Start of DATASET

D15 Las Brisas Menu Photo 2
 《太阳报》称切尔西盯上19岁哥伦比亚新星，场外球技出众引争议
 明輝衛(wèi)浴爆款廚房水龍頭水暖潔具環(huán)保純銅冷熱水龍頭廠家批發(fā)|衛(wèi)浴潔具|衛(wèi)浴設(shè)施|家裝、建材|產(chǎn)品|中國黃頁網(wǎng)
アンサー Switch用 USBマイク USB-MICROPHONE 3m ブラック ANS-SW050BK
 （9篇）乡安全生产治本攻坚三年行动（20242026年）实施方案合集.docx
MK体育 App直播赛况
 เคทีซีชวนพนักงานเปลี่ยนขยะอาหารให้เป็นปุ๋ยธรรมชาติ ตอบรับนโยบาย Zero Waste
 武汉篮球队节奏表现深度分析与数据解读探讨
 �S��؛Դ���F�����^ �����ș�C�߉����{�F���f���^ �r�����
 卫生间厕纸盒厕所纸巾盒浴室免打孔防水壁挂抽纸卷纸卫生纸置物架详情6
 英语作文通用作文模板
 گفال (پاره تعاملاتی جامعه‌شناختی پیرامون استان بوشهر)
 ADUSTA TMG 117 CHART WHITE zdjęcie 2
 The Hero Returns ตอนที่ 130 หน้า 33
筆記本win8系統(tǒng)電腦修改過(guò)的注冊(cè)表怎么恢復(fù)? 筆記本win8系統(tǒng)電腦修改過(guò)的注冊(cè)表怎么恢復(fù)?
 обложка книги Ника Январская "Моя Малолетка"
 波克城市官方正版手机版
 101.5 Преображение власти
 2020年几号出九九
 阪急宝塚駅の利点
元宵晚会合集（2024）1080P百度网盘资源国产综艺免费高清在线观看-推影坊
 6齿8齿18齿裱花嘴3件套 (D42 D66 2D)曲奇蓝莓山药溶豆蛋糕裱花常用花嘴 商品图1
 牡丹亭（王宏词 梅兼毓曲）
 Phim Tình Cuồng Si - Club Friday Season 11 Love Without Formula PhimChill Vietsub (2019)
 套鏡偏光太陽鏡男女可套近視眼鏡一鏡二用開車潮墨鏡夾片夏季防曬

End of DATASET

▶ [EXERCISE OBJECTIVE]: Begin at the first line of the material and transcribe each line exactly. End with the line containing "牡丹亭（王宏词 梅兼毓曲）", and give nothing else.

▶ [ANSWER FOR THE TASK]:
D15 Las Brisas Menu Photo 2
 《太阳报》称切尔西盯上19岁哥伦比亚新星，场外球技出众引争议
 明輝衛(wèi)浴爆款廚房水龍頭水暖潔具環(huán)保純銅冷熱水龍頭廠家批發(fā)|衛(wèi)浴潔具|衛(wèi)浴設(shè)施|家裝、建材|產(chǎn)品|中國黃頁網(wǎng)
アンサー Switch用 USBマイク USB-MICROPHONE 3m ブラック ANS-SW050BK
 （9篇）乡安全生产治本攻坚三年行动（20242026年）实施方案合集.docx
MK体育 App直播赛况
 เคทีซีชวนพนักงานเปลี่ยนขยะอาหารให้เป็นปุ๋ยธรรมชาติ ตอบรับนโยบาย Zero Waste
 武汉篮球队节奏表现深度分析与数据解读探讨
 �S��؛Դ���F�����^ �����ș�C�߉����{�F���f���^ �r�����
 卫生间厕纸盒厕所纸巾盒浴室免打孔防水壁挂抽纸卷纸卫生纸置物架详情6
 英语作文通用作文模板
 گفال (پاره تعاملاتی جامعه‌شناختی پیرامون استان بوشهر)
 ADUSTA TMG 117 CHART WHITE zdjęcie 2
 The Hero Returns ตอนที่ 130 หน้า 33
筆記本win8系統(tǒng)電腦修改過(guò)的注冊(cè)表怎么恢復(fù)? 筆記本win8系統(tǒng)電腦修改過(guò)的注冊(cè)表怎么恢復(fù)?
 обложка книги Ника Январская "Моя Малолетка"
 波克城市官方正版手机版
 101.5 Преображение власти
 2020年几号出九九
 阪急宝塚駅の利点
元宵晚会合集（2024）1080P百度网盘资源国产综艺免费高清在线观看-推影坊
 6齿8齿18齿裱花嘴3件套 (D42 D66 2D)曲奇蓝莓山药溶豆蛋糕裱花常用花嘴 商品图1
 牡丹亭（王宏词 梅兼毓曲）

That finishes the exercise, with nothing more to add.